可以将文章内容翻译成中文,广告屏蔽插件可能会导致该功能失效(如失效，请关闭广告屏蔽插件后再试):

问题:

I need to store user agent strings in a database for tracking and comparing customer behavior and sales performance between different browsers. A pretty plain user agent string is around 100 characters long. It was decided to use a varchar(1024) for holding the useragent data in the database. (I know this is overkill, but that's the idea; it's supposed to accommodate useragent data for years to come and some devices, toolbars, applications are already pushing 500 characters in length.) The table holding these strings will be normalized (each distinct user agent string will only be stored once) and treated like a cache so we don't have to interpret user agents over and over again.

The typical use case is:

User comes to our site, is detected as being a new vistor
New session information is created for this user
Determine if we need to analyze the user agent string or if we have a valid analysis on file for it
If we have it, great, if not, analyze it (currently, we plan on calling a 3rd party API)
Store the pertinent information (browser name, version, os etc.) in a join table tied the existing user session information and pointing to the cache entry

Note: I have a tendency to say 'searching' for the user agent string in the database because it's not a simple look up. But to be clear, the queries are going to use '=' operators, not regexes or LIKE % syntax.

So the speed of looking up the user agent string is paramount. I've explored a few methods of making sure it will have good performance. Indexing the whole column is right out for size reasons. A partial index isn't such a good idea either because most user agents have the distinguishing information at the end; the partial index would have to be fairly long to make it worthwhile by which point its size is causing problems.

So it comes down to a hash function. My thought is to hash the user agent string in web server code and run the select looking for the hash value in the database. I feel like this would minimize the load on the database server (as opposed to having it compute the hash), especially since if the hash isn't found, the code would turn around and ask the database to compute the hash again on the insert.

Hashing to an integer value would offer the best performance at the risk of higher collisions. I'm expecting to see thousands or tens of thousands user agents at the most; even 100,000 user agents would fit reasonably well into a 2^32 size integer with very few collisions which could be deciphered by the webservice with minimal performance impact. Even if you think an integer hash isn't such a good idea, using a 32 character digest (SHA-1, MD5 e.g.) should be much faster for selects than the raw string, right?
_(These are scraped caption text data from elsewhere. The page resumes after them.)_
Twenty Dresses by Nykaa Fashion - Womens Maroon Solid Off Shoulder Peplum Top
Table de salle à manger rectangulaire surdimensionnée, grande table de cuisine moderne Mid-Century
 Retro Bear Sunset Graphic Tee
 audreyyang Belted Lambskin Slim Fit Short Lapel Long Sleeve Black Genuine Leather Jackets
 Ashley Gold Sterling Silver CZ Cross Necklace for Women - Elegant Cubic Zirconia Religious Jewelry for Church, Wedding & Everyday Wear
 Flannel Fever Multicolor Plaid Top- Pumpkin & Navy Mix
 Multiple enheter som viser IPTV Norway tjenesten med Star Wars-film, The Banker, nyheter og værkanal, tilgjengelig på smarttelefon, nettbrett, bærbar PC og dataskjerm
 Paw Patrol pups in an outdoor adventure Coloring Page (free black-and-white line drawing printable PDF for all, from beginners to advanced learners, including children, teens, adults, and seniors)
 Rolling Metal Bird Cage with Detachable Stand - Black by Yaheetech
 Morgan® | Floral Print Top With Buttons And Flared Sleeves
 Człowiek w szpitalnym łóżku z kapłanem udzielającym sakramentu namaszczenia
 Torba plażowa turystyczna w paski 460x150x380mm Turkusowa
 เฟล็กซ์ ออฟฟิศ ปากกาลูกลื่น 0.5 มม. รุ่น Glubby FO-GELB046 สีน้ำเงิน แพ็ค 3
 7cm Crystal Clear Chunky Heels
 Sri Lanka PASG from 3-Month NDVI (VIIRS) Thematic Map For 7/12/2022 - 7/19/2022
My database is MySQL InnoDB engine. The web code will be coming from C# at first and php later (after we consolidate some hosting and authentication) (not that the web code should make a big difference).

Let me apologize at this point if you think this is lame choose-my-hash-algorithm question. I'm really hoping to get some input from people who've done something similar before and their decision process. So, the question:

Which hash would you use for this application?
Would you compute the hash in code or let the db handle it?
Is there a radically different approach for storing/searching long strings in a database?

回答1:

Your idea of hashing long strings to create a token upon which to lookup within a store (cache, or database) is a good one. I have seen this done for extremely large strings, and within high volume environments, and it works great.

"Which hash would you use for this application?"

I don't think the encryption (hashing) algorithm really matters, as you are not hashing to encrypt data, you are hashing to create a token upon which to use as a key to look up longer values. So the choice of hashing algorithm should be based off of speed.

"Would you compute the hash in code or let the db handle it?"

If it were my project, I would do the hashing at the app layer and then pass it through to look up within the store (cache, then database).

"Is there a radically different approach for storing/searching long strings in a database?"

As I mentioned, I think for your specific purpose, your proposed solution is a good one.

Table recommendations (demonstrative only):

user

id int(11) unsigned not null
name_first varchar(100) not null

user_agent_history

user_id int(11) unsigned not null
agent_hash varchar(255) not null

agent

agent_hash varchar(255) not null
browser varchar(100) not null
agent text not null

Few notes on schema:

From your OP it sounds like you need a M:M relationship between user and agent, due to the fact that a user may be using Firefox from work, but then may switch to IE9 at home. Hence the need for the pivot table.
The varchar(255) used for agent_hash is up for debate. MySQL suggests using a varbinary column type for storing hashes, of which there are several types.
I would also suggest either making agent_hash a primary key, or at the very least, adding a UNIQUE constraint to the column.

回答2:

Your hash idea is sound. I've actually used hashing to speed up some searches on millions of records. A hash index will be quicker since each entry is the same size. md5 will likely be fine in your case and will probably give you the shortest hash length. If you are worried about hash collisions, you can add include the length of the agent string.